Sampling & Resampling

Sampling

Three methods in applied machine learning

Simple Random Sampling

Samples are drawn with a uniform probability from the domain.

Systematic Sampling

Samples are drawn using a pre-specified pattern, such as at intervals.

Stratified Sampling

Samples are drawn within pre-specified categories (i.e. strata).

Cluster Sampling

Samples are drawn from clusters

Sampling error

Two main types of errors include selection bias and sampling error.

Selection Bias
Caused when the method of drawing observations skews the sample in some way.
Sampling Error
Caused due to the random nature of drawing observations skewing the sample in some way.

Resampling

The problem of sampling is that we only have a single estimate of the population parameter, with little idea of the variability or uncertainty in the estimate.

One way to address this is by estimating the population parameter multiple times from our data sample.

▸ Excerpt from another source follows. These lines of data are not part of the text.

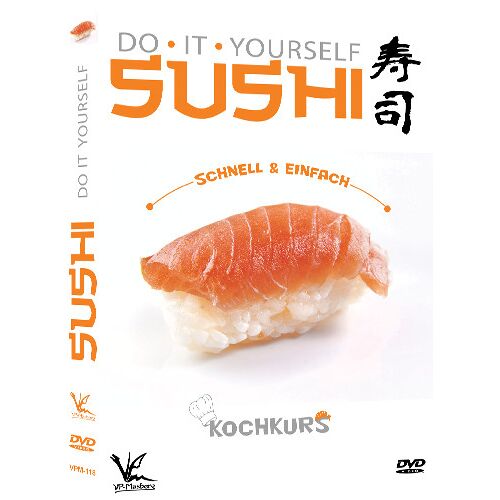 Sushi Do It Yourself Kochkurs Schnell & Einfach Maki - Dvd Cours De Cuisine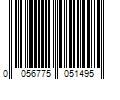 Barcode Image for UPC code 0056775051495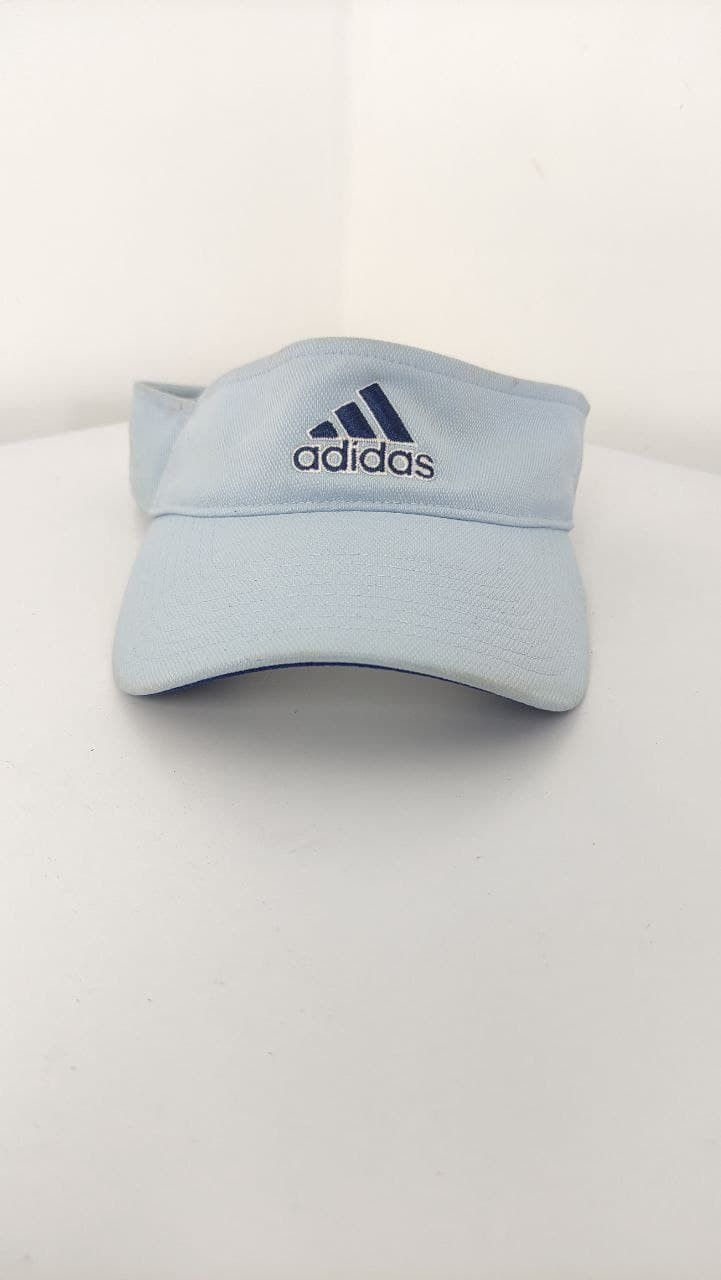 Adidas × Vintage Visor Adidas Vintage Size ONE SIZE - 2 Thumbnail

This is called resampling.

Serveral resampling methods include permutation, Bootstrap, Jackknife and cross validation.

The best figure telling the story of resampling:

Permutation

also called exact tests, randomisation tests, or randomisation tests
Exchanging labels on data points when performing significance tests

Bootstrap

Estimating precision / accuracy of sample statistics or validating models
by drawing randomly with replacement from a set of data points.

Jackknife

Estimating precision / accuracy of sample statistics through using subset of data

Cross validation

Validating models by using random subsets.

Comparisons between permutations and bootstrap:

The difference between permutation and bootstrap is that bootstraps sample with replacement, and permutations sample without replacement.

The permutation test is best for testing hypotheses and bootstrapping is best for estimating confidence intervals.